The Aussie rose to a record versus the euro before trimming the gain after the ECB said it had awarded 489 billion euros ($637 billion) in 1,134-day loans to banks, more than the 293 billion euros forecast by economists. A report showed the New Zealand’s current-account deficit widened.
“What began as a risk-on day is ending up to be a risk-off day,” said Marc Chandler, global head of currency strategy in New York at Brown Brothers Harriman & Co., in a phone interview. “The buy-the-rumor, sell-the-fact on the euro helped drag down the other currencies and the stock market.”
The Australian dollar rose as much as 0.9 percent to 77.73 euro cents, a record, before trading at 77.11, up 0.1 percent at 12:38 p.m. in New York. It touched $1.0219, the most since Dec. 12, before trading little changed at $1.0075. The Aussie was little changed at 78.55 yen after earlier reaching 79.37, the highest since Dec. 8.

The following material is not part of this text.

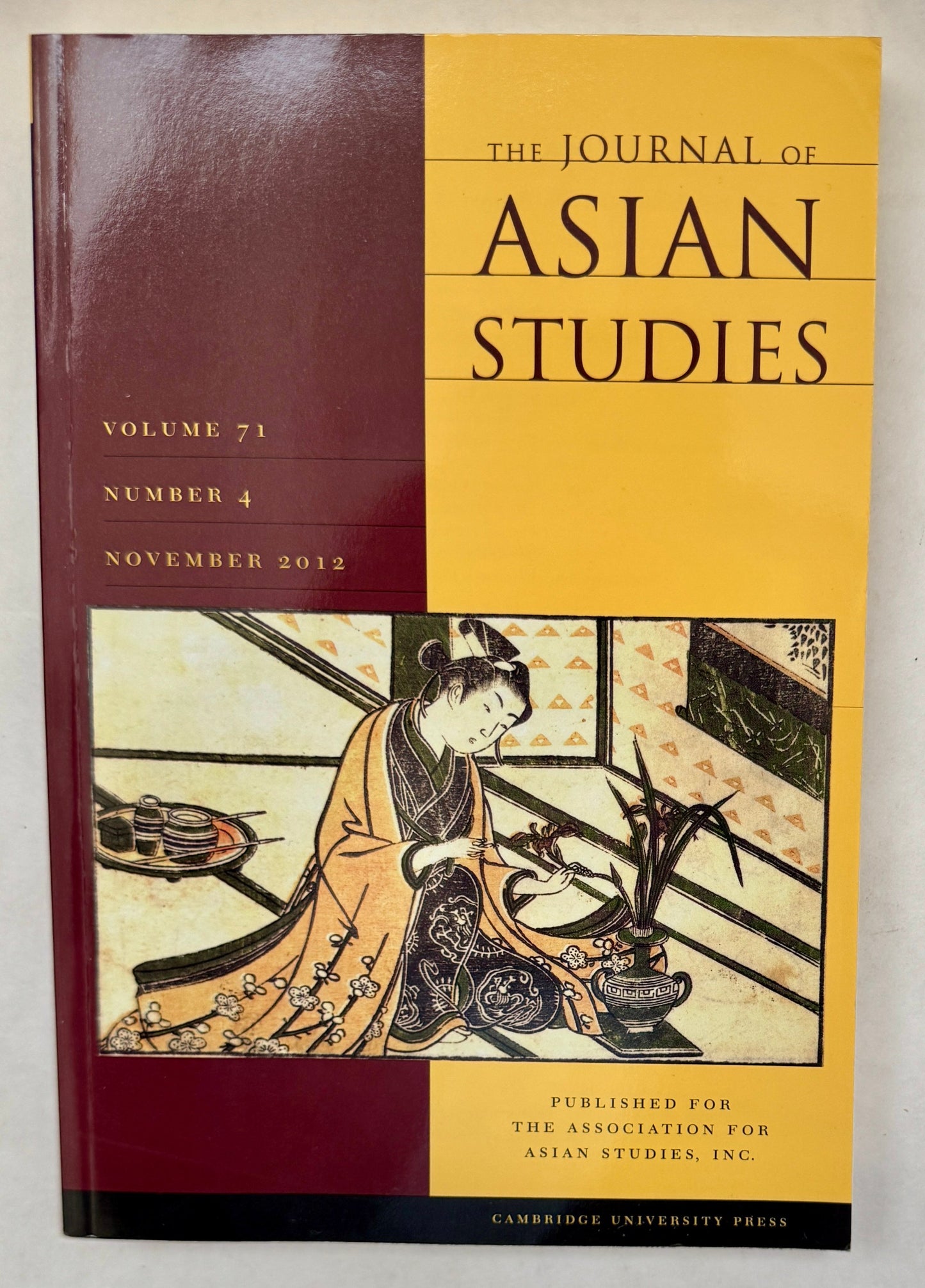 Journal of Asian Studies; Volume 71, Number 4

New Zealand’s dollar was little changed at 76.78 U.S. cents, after rising to 77.76 U.S. cents, the strongest since Dec. 8. The so-called kiwi held steady at 59.88 yen.

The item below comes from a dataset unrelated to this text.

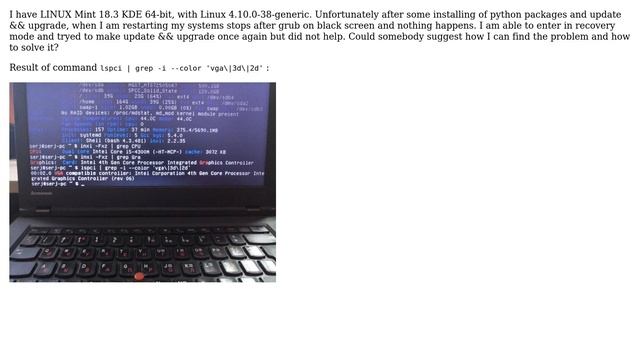 Linux Mint 18.3, black screen after booting (2 Solutions!!) смотреть онлайн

Gains in the New Zealand dollar were limited after a report showed the country’s current-account deficit widened by more than economists had forecast.
The shortfall was 4.3 percent of gross domestic product in the year ended Sept. 30, from 3.7 percent in the 12 months through June, Statistics New Zealand said in Wellington today. Economists predicted a 3.9 percent gap, according to the median of 11 forecasts in a Bloomberg News survey.
UBS AG expects the Australian dollar to rise to $1.04 in one month and New Zealand’s currency to advance to 80 U.S. cents in the same time period.
The Australian dollar has fallen 1.6 percent against its U.S. counterpart this year, and so has the kiwi.